** Opening EXTRACTED DATA block **

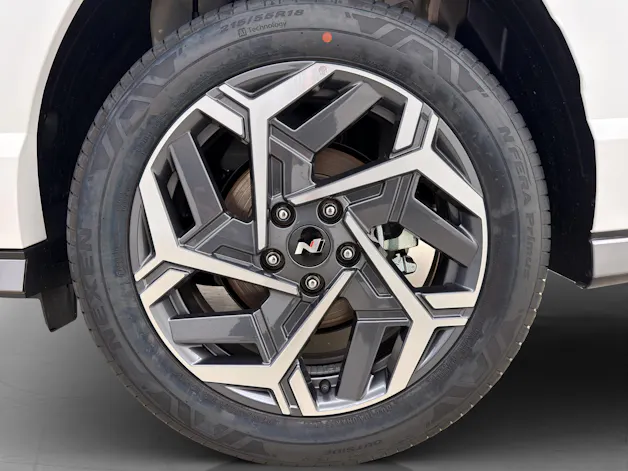 Hyundai Kona 1.6 T-GDi N-Line 4WD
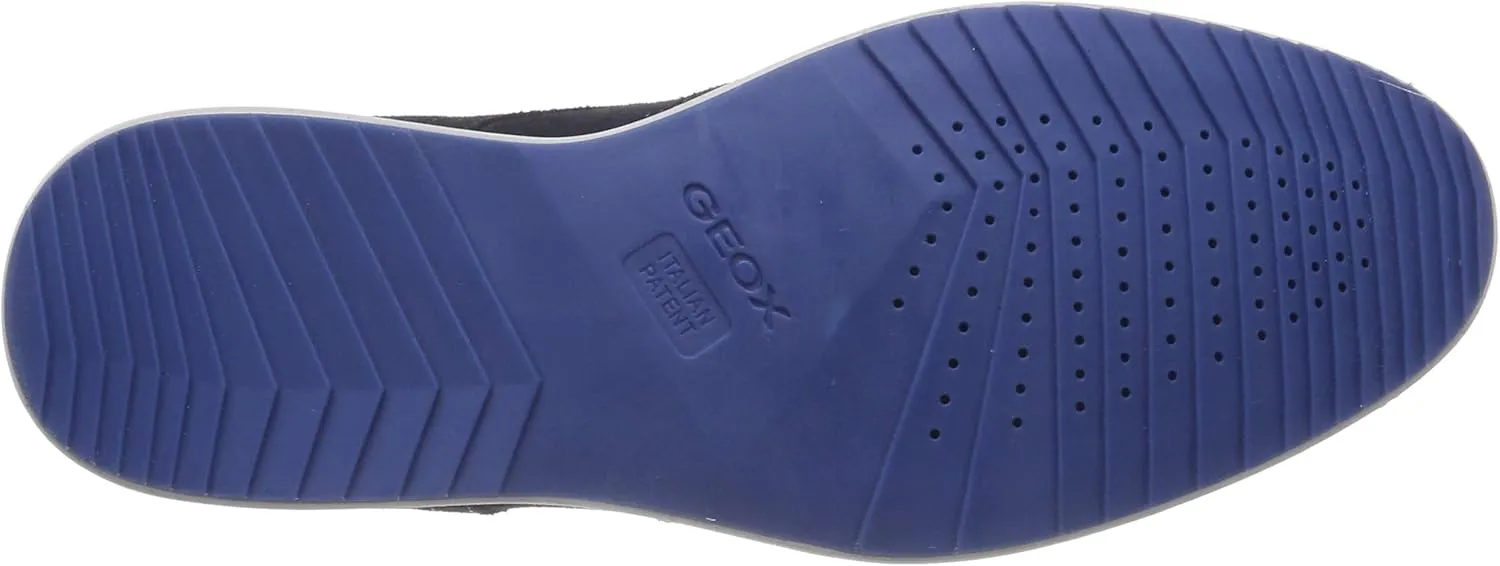 Geox Men's Brogues Boot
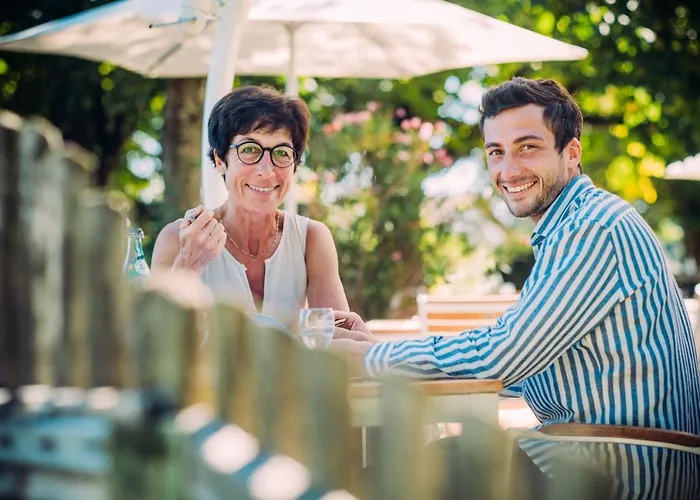 Landgasthof Keller Hotel 3*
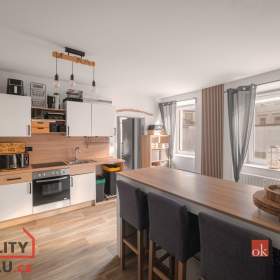 Prodej bytu 2+kk 54 m2, Stod / 19578463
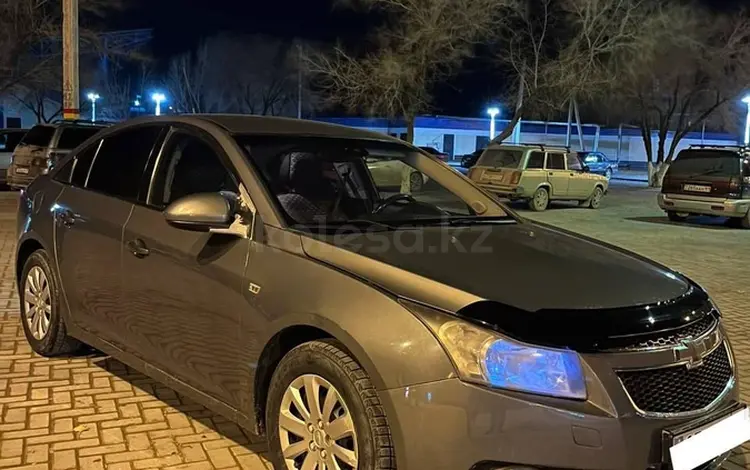 Chevrolet Cruze 2011 года за 3 500 000 тг. в Кызылорда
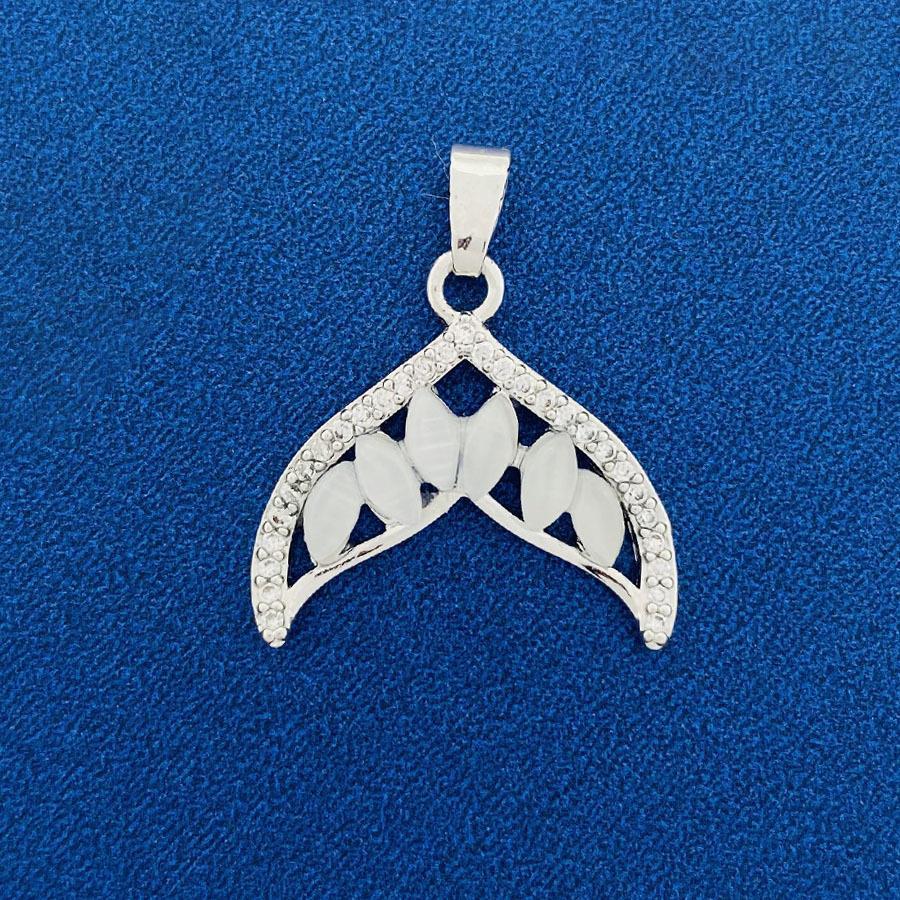 Nuevo colgante con moda clásico todo-fósforo colgante fuente joyería fábrica directa al por mayor sin cadena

** Closing EXTRACTED DATA block **

EXERCISE BRIEF:
Pictures aside, give the data again exactly as it appears.

TASK SOLUTION:
 Hyundai Kona 1.6 T-GDi N-Line 4WD
 Geox Men's Brogues Boot
 Landgasthof Keller Hotel 3*
 Prodej bytu 2+kk 54 m2, Stod / 19578463
 Chevrolet Cruze 2011 года за 3 500 000 тг. в Кызылорда
 Nuevo colgante con moda clásico todo-fósforo colgante fuente joyería fábrica directa al por mayor sin cadena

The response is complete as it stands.